In Project Cars 2, if I lost a race it was because I was in first, probably many times but just couldn’t hold onto it. Or the AI made a good pass or I felt the pressure and flubbed up.

In GT7 or any gran Turismo for that matter, if I lose a race it’s because I simply couldn’t catch the leader before the race was over. I don’t think I’ve ever been in first place and then lost first place during the race. And that’s the difference between GT7 and other racing sims.
Does PC2 give you rewards from doing well, or is the good race itself the reward? That makes a huge difference to the average gamer. Just about nobody wants to play a game that works on a credit winning system if they can't win the credits, they're two entirely different genres that happen to have car racing in common. And GT is obviously the wrong one for you, do everyone a favour and move to PC2, ACC or whatever without ever looking back unless you get some twisted kicks about keeping playing a game you know you hate and then telling everyone about it.
Look, they’ve been bragging up their physics since day one, yet keep tweaking it, if it was so good, why do you constantly fix and change it?
You keep bringing this up and I'll answer the same thing as before: there are three options. One, keep everything as it was at release, and have people complain because it's not being improved. Two, keep working on it and only release the game when it's fully finished, and have people complain because the release keeps getting postponed. Three, improve it by updates, and have people complain because things change.

You sure like to complain. No update is going to change that.
 
The big problem with having a field full of competitive AI cars is the average GT player, unfortunately. In the games where the AI races hard and fast the racing itself is the reward, but put that in a GT game and nobody's going to believe the amount of crying about it being too hard.
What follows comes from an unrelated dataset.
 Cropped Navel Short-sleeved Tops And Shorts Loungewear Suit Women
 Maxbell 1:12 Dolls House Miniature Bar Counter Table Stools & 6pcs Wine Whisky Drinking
People want to win everything, they want it now, and preferably with as little effort as possible. Give them races where every overtake has to be earned by being smarter and faster than the AI and it's not going to end well, the overwhelming majority of players don't have the patience to hone their skills so that they can actually finish third instead of eighth, let alone win. They'll drop the series like it's hot and that's a problem because PD has to sell it to an audience as large as possible. They're in the business to make money, not an excellent simulation for a small niche of diehard sim racers.
I agree, but the problem is that even with customized racing and rubberbanding (boost) removed, the AI always boosts or slows down depending on your position.

And we even have this problem for Sophy in hard difficulty, especially in Le Mans, where she'll be restricted on the long straights.

I agree that the game should be designed for occasional / average players.
The problem is, what's the point of difficulty if you feel that the AI is playing with you rather than racing you.

There's nothing more enjoyable than being humiliated in acceleration because a Shelby G.T.350 controlled by a Sophy has much more torque than my s2000 on laguna seca, this is normal.

This meant I had to be much faster in the corners, which made the race very enjoyable with sophy since we regularly overtake each other...
Except on the last lap, when the ford lost magically all its horsepower ...

They have a gem in their hands and they don't do much with it.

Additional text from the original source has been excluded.